After reading your comments, I don't feel strongly that packed_cell_t is correct. Either would probably be okay. I think I might have said "packed_cell_t" on the grounds that we already have a specialized allocator for them, whereas we don't currently heap-allocate as many cell_t as we would need for this. I might also have said "packed_cell_t" on the theory that copying data from cell_t to packed_cell_t would waste cycles, but I'm not sure that's significant here. Or maybe I was thinking of the amount of space wasted in packed_cell_t vs cell_t, and worried about the number of queued cells we're likely to have at once. For queueing the cell_ts, and where to put a next pointer: I *think* (but can't be sure) that most of our cell_t objects are currently short-lived, and most of our long-lived cell objects are currently packed_cell_t. So adding fields to cell_t wouldn't hurt much, since they don't currently represent very much of our total allocation, I think. (We should double-check that!)

* Is it acceptable for the main thread to call functions to manipulate job-dispatching data structures that need to acquire a lock if we can be sure everything that ever holds the lock only does so very briefly to manipulate those structures and will never block while holding it, or do we need to design something that's lock-free for the main thread?

I don't think the main thread needs to be lock-free so long as it won't often block for too long. I was initially planning to have locks protect the work-queues initially, and only substitute in a lock-free work-queue implementation if it turned out to matter. (How long the lock is held by the main thread is less important for performance IIUC than whether the main thread will spend much time blocked waiting for the lock, or how much lock contention there will be.)

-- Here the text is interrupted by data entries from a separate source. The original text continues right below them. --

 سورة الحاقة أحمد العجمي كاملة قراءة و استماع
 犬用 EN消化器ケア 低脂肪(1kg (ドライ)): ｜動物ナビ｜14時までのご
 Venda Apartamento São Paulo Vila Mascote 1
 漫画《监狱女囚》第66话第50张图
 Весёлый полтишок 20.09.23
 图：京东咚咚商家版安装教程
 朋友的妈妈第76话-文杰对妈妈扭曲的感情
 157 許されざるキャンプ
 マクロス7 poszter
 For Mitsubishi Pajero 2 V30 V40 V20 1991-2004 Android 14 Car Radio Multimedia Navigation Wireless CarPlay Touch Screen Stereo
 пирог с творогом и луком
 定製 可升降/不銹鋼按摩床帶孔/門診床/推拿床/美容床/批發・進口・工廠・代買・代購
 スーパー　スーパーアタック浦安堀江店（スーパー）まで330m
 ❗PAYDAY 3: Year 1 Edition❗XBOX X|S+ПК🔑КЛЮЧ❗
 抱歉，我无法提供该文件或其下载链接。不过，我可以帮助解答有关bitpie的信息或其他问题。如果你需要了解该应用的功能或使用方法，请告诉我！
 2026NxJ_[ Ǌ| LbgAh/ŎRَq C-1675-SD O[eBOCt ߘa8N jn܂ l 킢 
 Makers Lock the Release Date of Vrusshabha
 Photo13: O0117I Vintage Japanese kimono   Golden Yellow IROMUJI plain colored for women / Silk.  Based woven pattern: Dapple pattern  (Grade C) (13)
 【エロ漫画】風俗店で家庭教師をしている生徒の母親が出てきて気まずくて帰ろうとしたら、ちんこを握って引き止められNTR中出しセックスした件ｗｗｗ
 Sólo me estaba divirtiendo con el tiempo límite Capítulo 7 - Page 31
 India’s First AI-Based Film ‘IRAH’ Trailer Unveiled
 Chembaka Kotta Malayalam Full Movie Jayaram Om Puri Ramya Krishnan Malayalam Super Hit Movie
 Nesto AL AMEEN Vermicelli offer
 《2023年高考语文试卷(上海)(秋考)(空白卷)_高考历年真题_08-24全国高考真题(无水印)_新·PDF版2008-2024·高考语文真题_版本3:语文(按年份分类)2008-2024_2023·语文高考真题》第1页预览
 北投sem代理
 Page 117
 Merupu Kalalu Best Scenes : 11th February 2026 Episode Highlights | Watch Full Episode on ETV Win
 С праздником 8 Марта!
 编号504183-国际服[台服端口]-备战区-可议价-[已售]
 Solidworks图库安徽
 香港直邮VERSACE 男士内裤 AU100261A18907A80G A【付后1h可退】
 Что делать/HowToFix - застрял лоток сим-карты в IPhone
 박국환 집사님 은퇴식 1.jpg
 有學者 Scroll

* The functions that currently call relay_crypt()/ relay_crypt_one_payload() will have to be split into two parts, one that queues a cell to be crypted and another that handles the finished, crypted cell. How will the worker threads cause the second part to be called in the main thread? (NickM, there's probably some libevent voodoo I don't know about yet for this?)

So, I'd suggest the we start with a work queue each way: one queue (or set of queues) to enqueue stuff for worker threads, and one to enqueue the crypted stuff for the main cell to process it. That said, we'll need a way to alert the main thread "Hey, you have more data on your queue!" The easiest way to do that is, using Libevent 2.0 or later, to just call event_active() on a "struct event" whose callback processes the data. (This needs to require Libevent 2.0 or later, since Libevent 1.4 and earlier didn't let you do this threadsafely.) The next easiest alternative would be to construct a socketpair, have the main thread listen on the read side of it (using a read event), and have the worker thread write a byte to the socketpair whenever the queue went from "observed" . There are faster ways to do all of the above, and more ways we could optimize libevent to help with our particular case, but for now I'll suggest we ignore them: getting even one extra core to do crypto with will more than pay for all the overhead in a v1 implementation. We can find the painful points and optimize them later -- and waiting to do so will ensure we don't waste time optimizing outside of critical paths. In fact, we should probably be doing this for the rest of the design: looking to see if there are cases where even if we think we might need to get complex eventually, we can still do them simply at first. (For the case of sending work to the worker threads, a mutex/condition-var pair will do. Windows Vista added real condition variables, and there's plenty of compat code around to fake them with earlier Windowses.) I suggest that for the first implementation of this, we can just make the multithreaded crypto stuff require Libevent 2.0 or later. We'll want a compile option to turn it off for old OpenBSDs anyway. Turning multithreaded cypto off should be easy, right? Instead of "Thread1: enqueue. Thread2: unqueue, encrypt, enqueue. Thread1: unqueue, process", you just replace the first "enqueue" operation with "encrypt and process" -- perhaps making a stub relaycrypt_dispatcher_t that doesn't actually dispatch anything, but just does the crypto operation immediately. This might even be a good intermediate step while refactoring the crypto.

Once these are resolved I'll be making a branch for this and writing the headers with proposed data structures and interfaces for review.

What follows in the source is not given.